**Records from a data collection:**
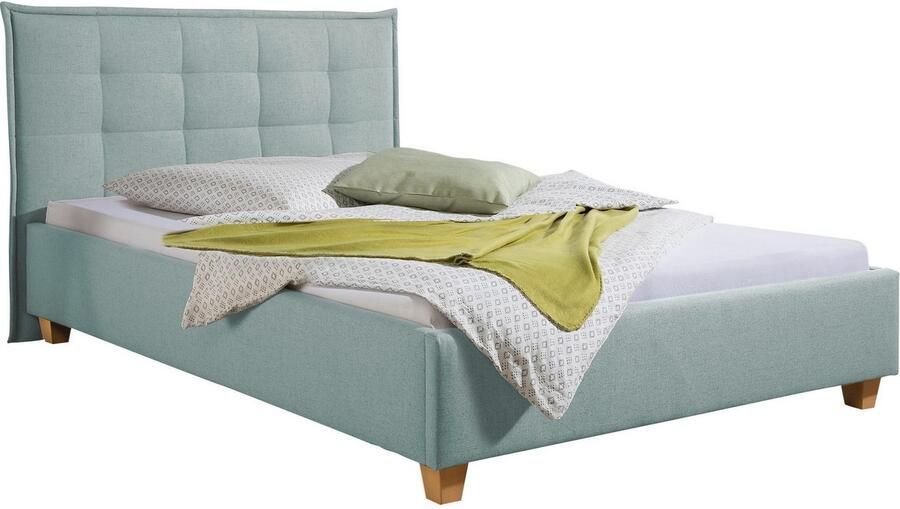 Maintal Gestoffeerd bed Retlaw Zijkanten van het bed zelf te monteren zonder bedkist - Foto 5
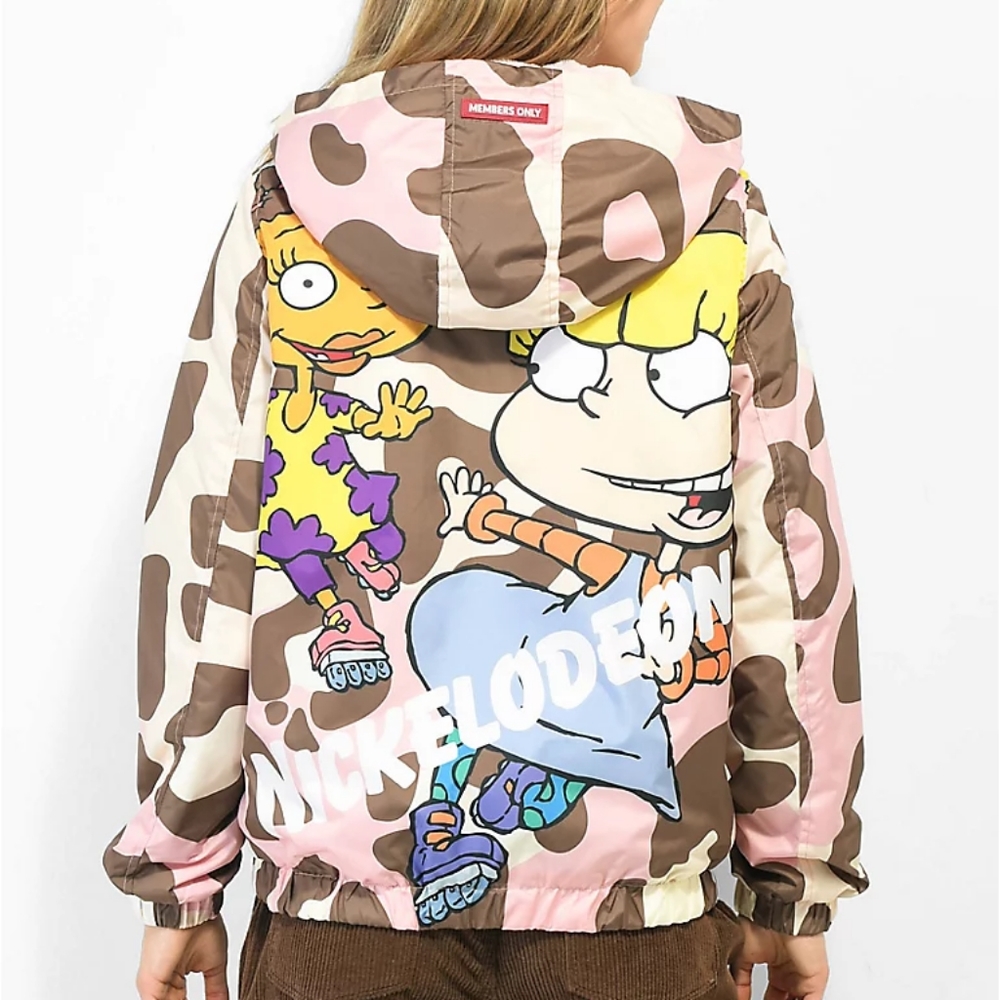Members Only x Nickelodeon (Rugrats) jacket - Picture 4 of 4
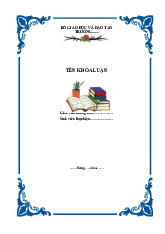 Hồ Sơ Hải Quan và Chứng Từ Liên Quan | Môn Nghiệp vụ hải quan - Đại học Kinh Tế Quốc Dân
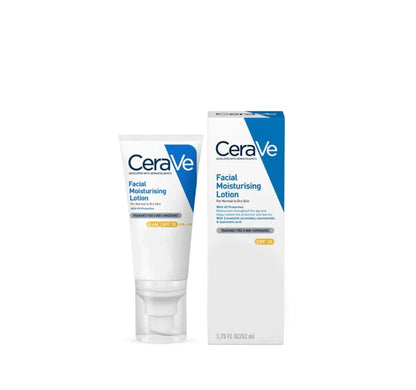 Cerave Moisturizing Face Lotion Spf 30 AM 52ml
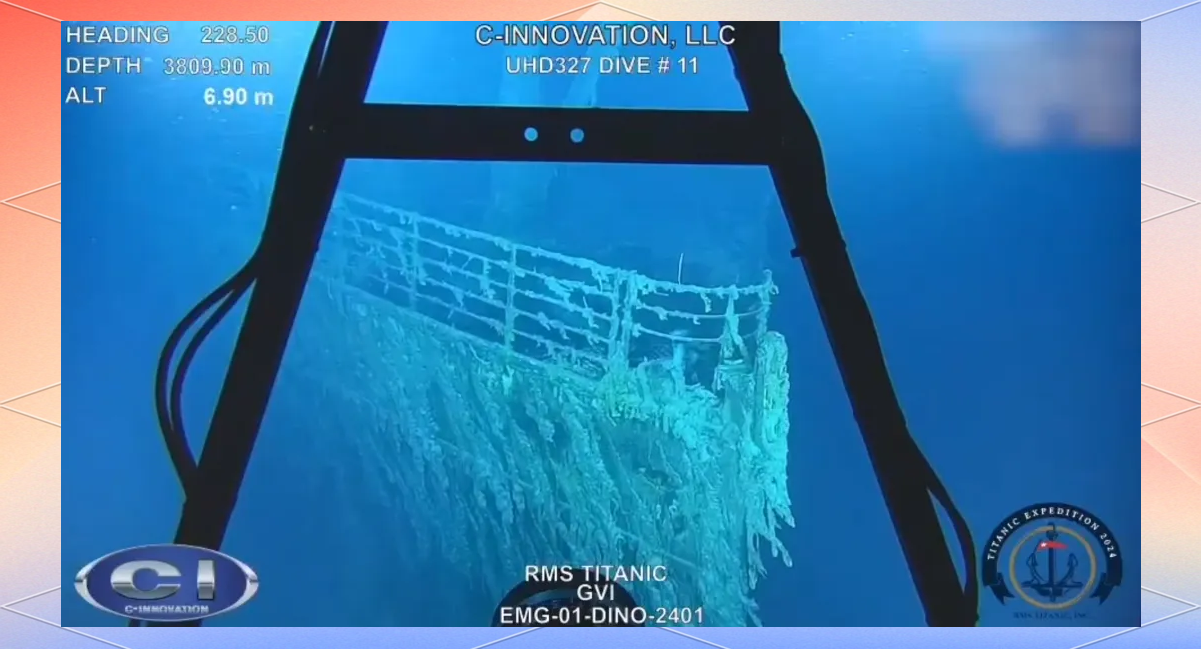 泰坦尼克号残骸现状与历史回顾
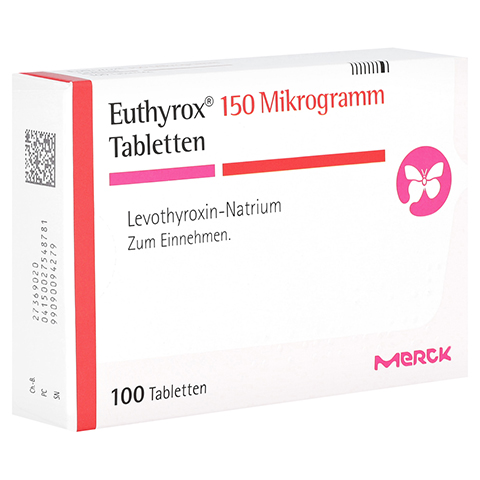 Euthyrox 150 Mikrogramm 100 Stück N3
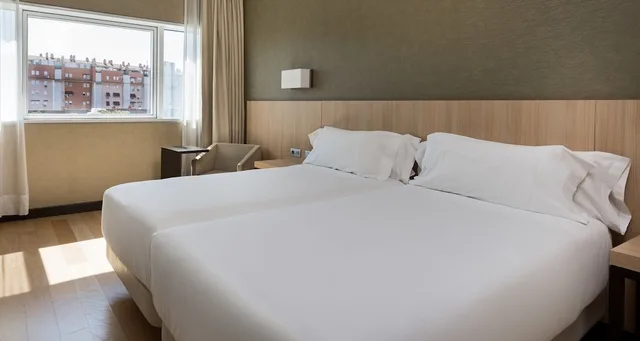 غرفة قياسية بسرير مزدوج، Nh Madrid Ribera Del Manzanares 5/10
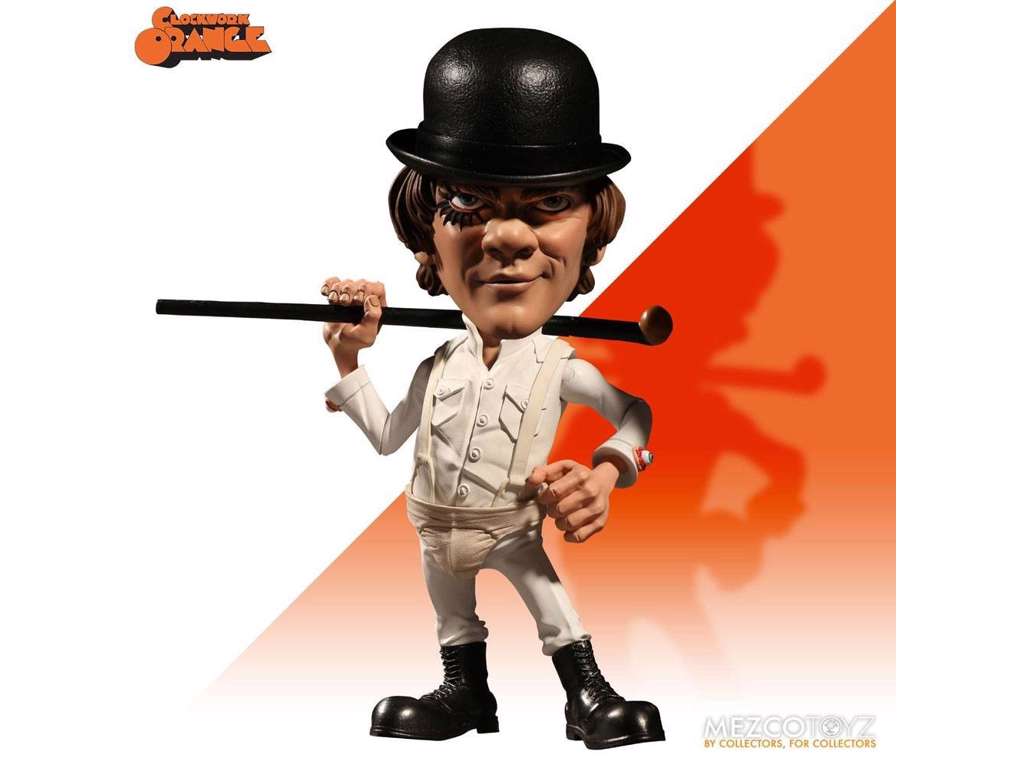 A Clockwork Orange Stylized Roto figur af Alex DeLarge 15 cm
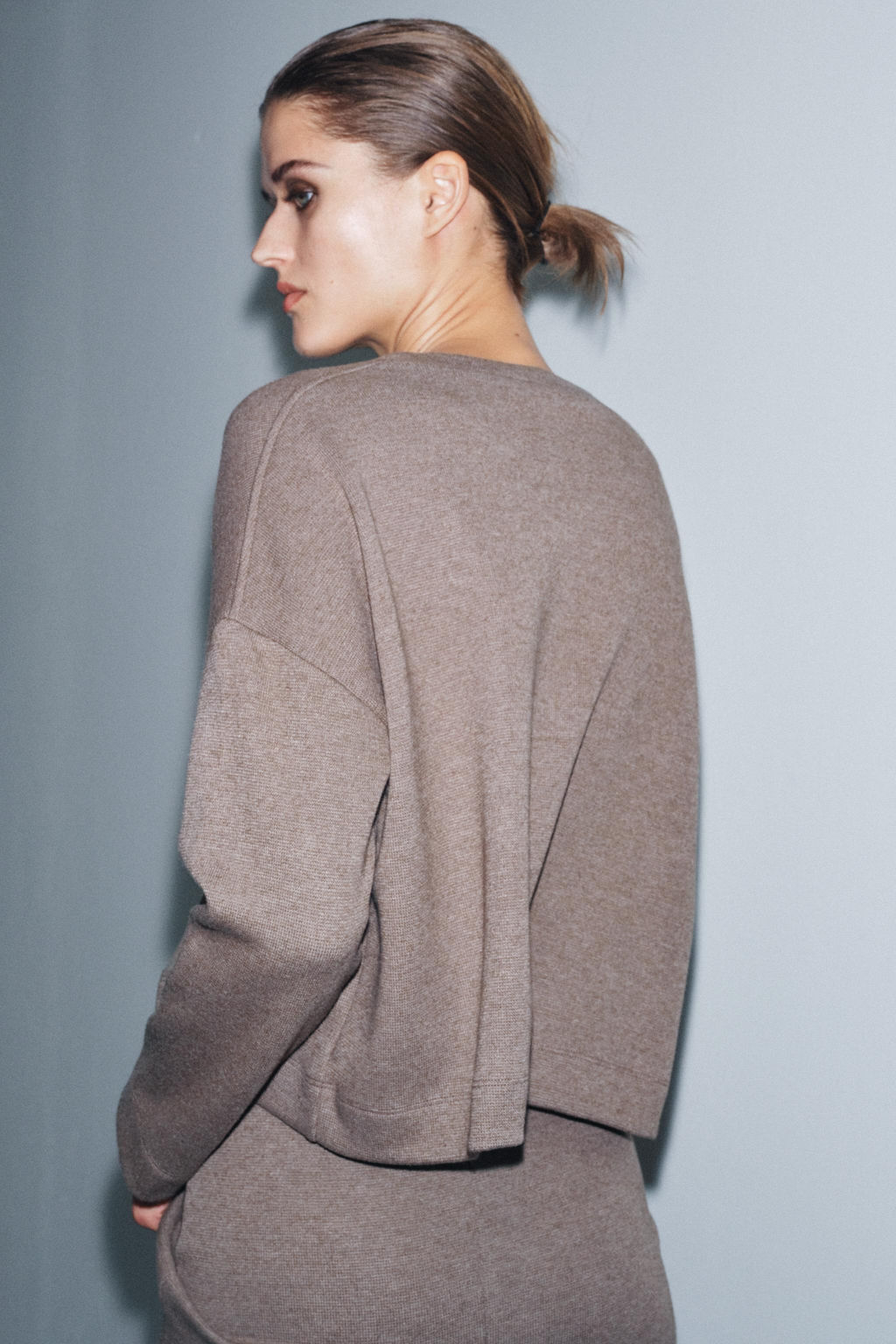 SOFT LONG SLEEVE TOP - Zara фото 3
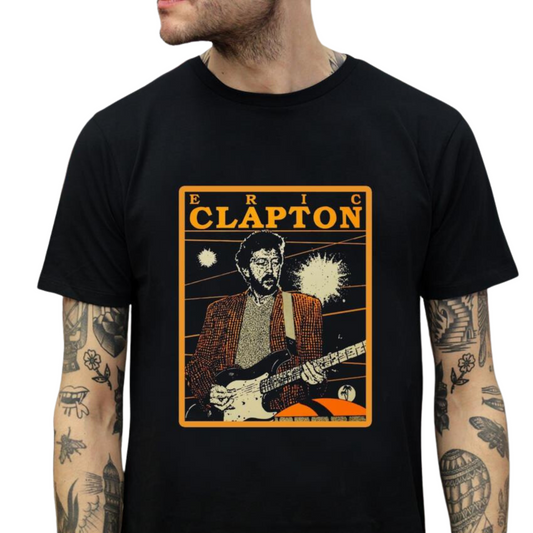 Eric Claption Unisex T-Shirt 11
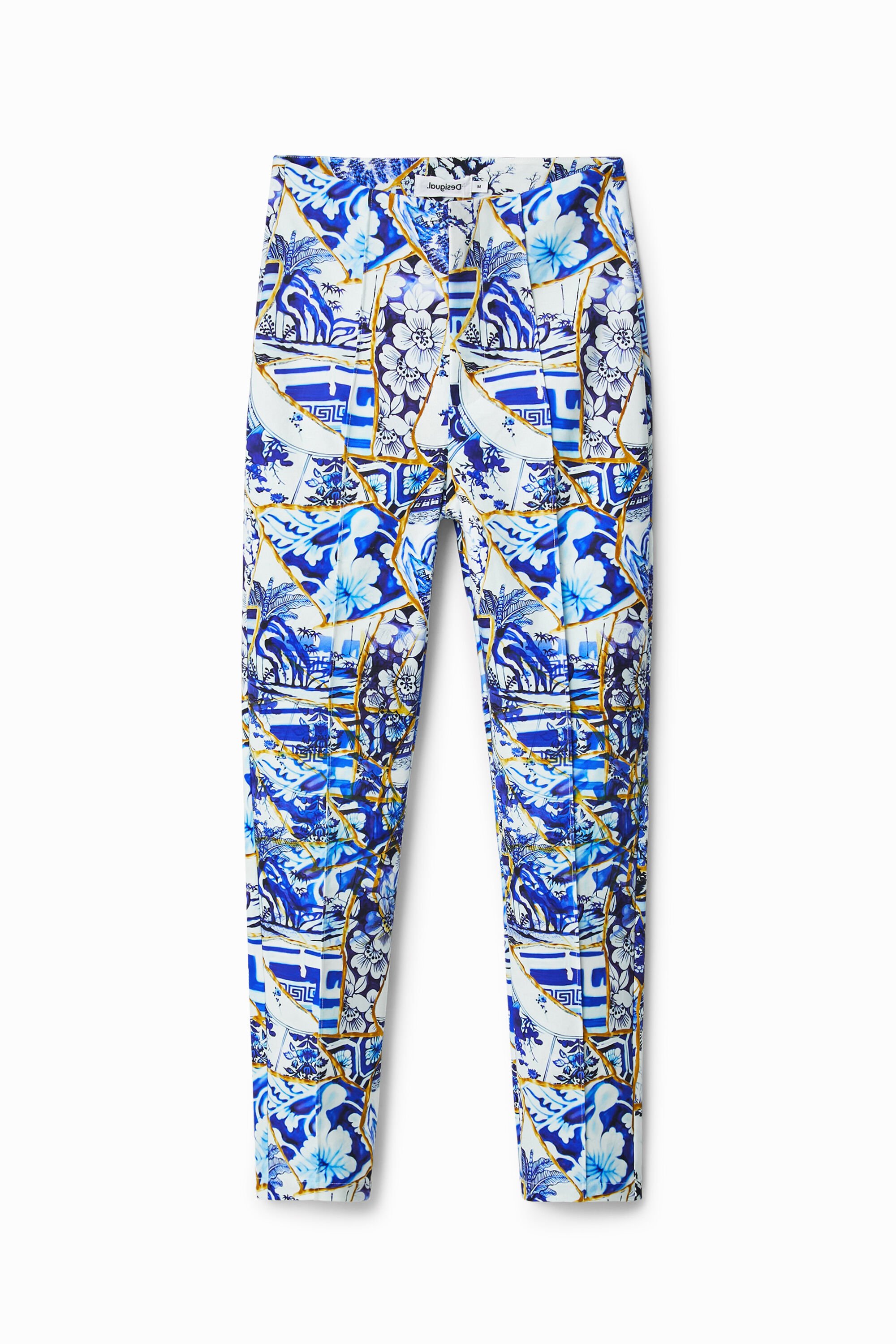 Pantalones shop desigual outlet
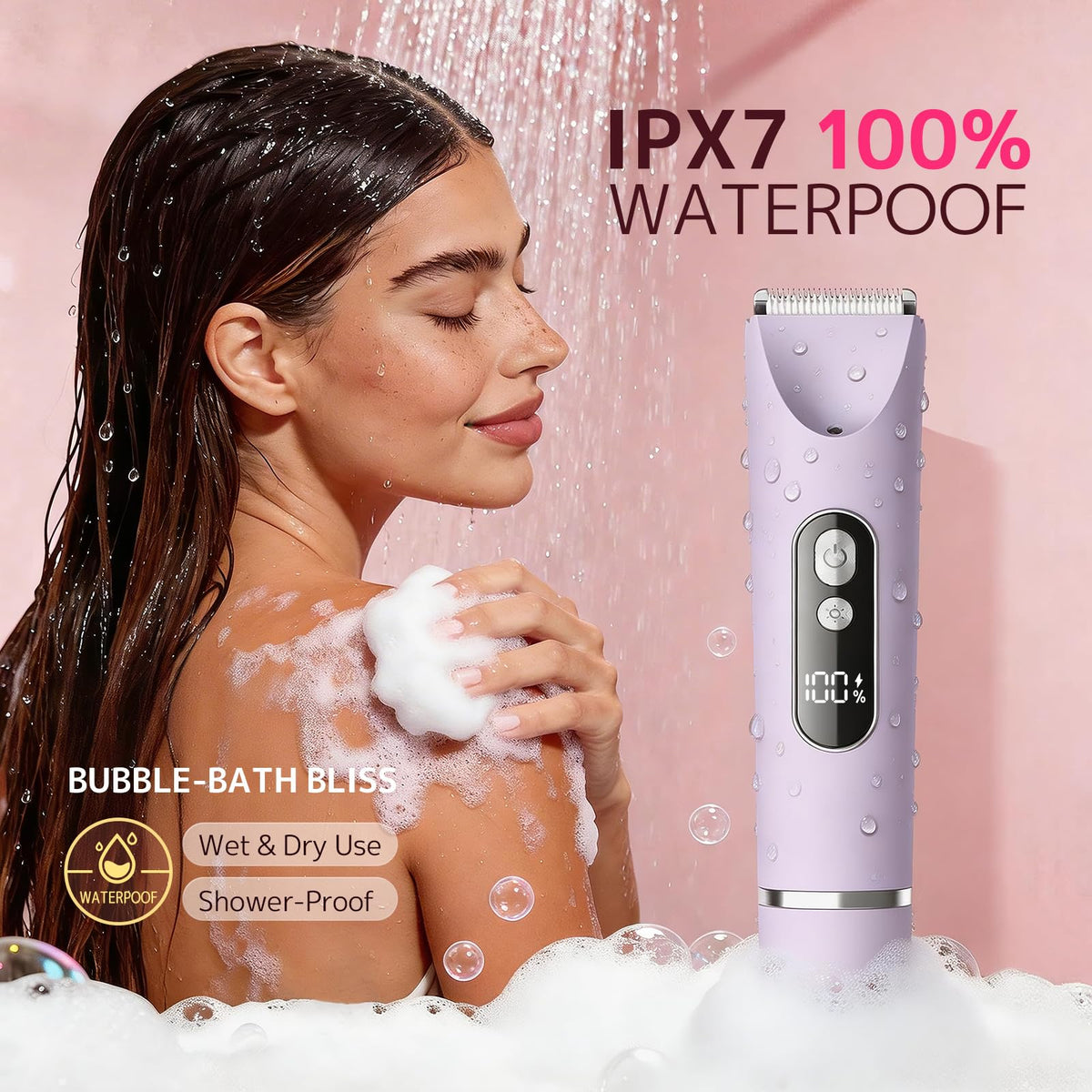 CoolHair Bikini Trimmer packaging design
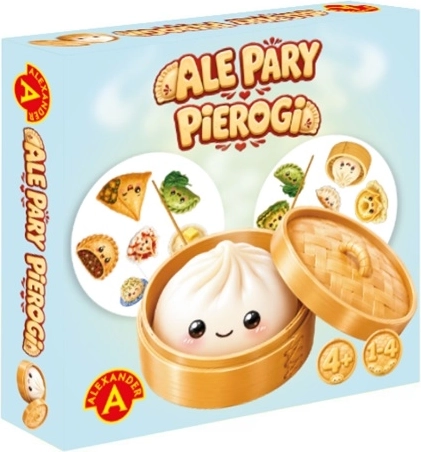 Ale Pary: Pierogi – un rapido gioco di carte di osservazione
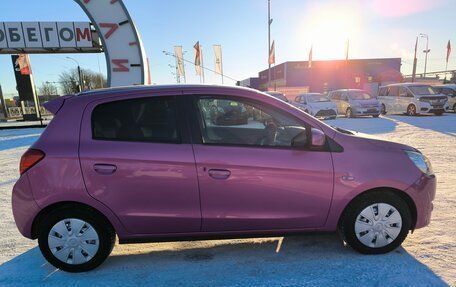 Mitsubishi Mirage VI рестайлинг, 2013 год, 849 000 рублей, 8 фотография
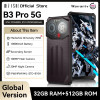 IIIF150 B3 Pro 6.6" Screen 5G Rugged Phone Android 14 Smartphone Dual Display 32GB 512GB 100MP Camera 10800mAh Ultra-Thin Phone - 509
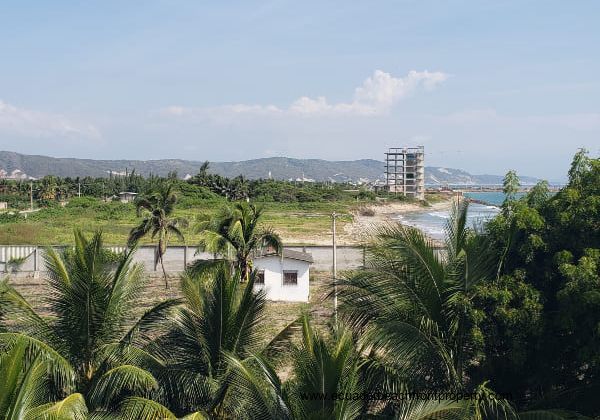 rooftop terrace views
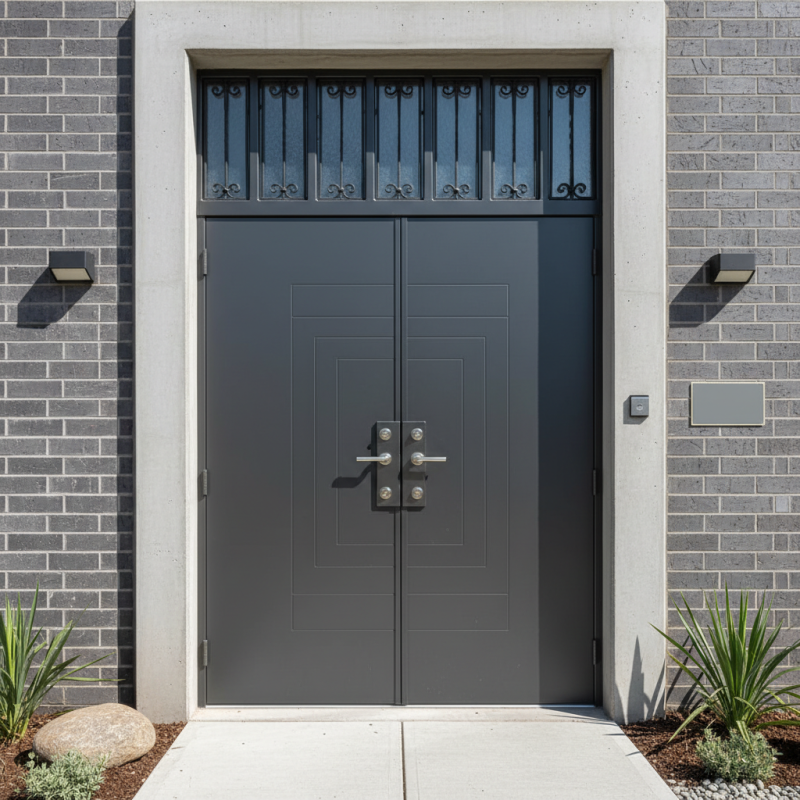 Top 10 Steel Metal Doors Best Options for Security and Durability?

**EXERCISE GOAL:**
When you copy the data above, reproduce each line exactly and skip every image.

**WRITTEN REPLY:**
 Maintal Gestoffeerd bed Retlaw Zijkanten van het bed zelf te monteren zonder bedkist - Foto 5
Members Only x Nickelodeon (Rugrats) jacket - Picture 4 of 4
 Hồ Sơ Hải Quan và Chứng Từ Liên Quan | Môn Nghiệp vụ hải quan - Đại học Kinh Tế Quốc Dân
 Cerave Moisturizing Face Lotion Spf 30 AM 52ml
 泰坦尼克号残骸现状与历史回顾
 Euthyrox 150 Mikrogramm 100 Stück N3
 غرفة قياسية بسرير مزدوج، Nh Madrid Ribera Del Manzanares 5/10
 A Clockwork Orange Stylized Roto figur af Alex DeLarge 15 cm
 SOFT LONG SLEEVE TOP - Zara фото 3
 Eric Claption Unisex T-Shirt 11
 Pantalones shop desigual outlet
 CoolHair Bikini Trimmer packaging design
 Ale Pary: Pierogi – un rapido gioco di carte di osservazione
 Mitsubishi Mirage VI рестайлинг, 2013 год, 849 000 рублей, 8 фотография
 IIIF150 B3 Pro 6.6" Screen 5G Rugged Phone Android 14 Smartphone Dual Display 32GB 512GB 100MP Camera 10800mAh Ultra-Thin Phone - 509
 rooftop terrace views
 Top 10 Steel Metal Doors Best Options for Security and Durability?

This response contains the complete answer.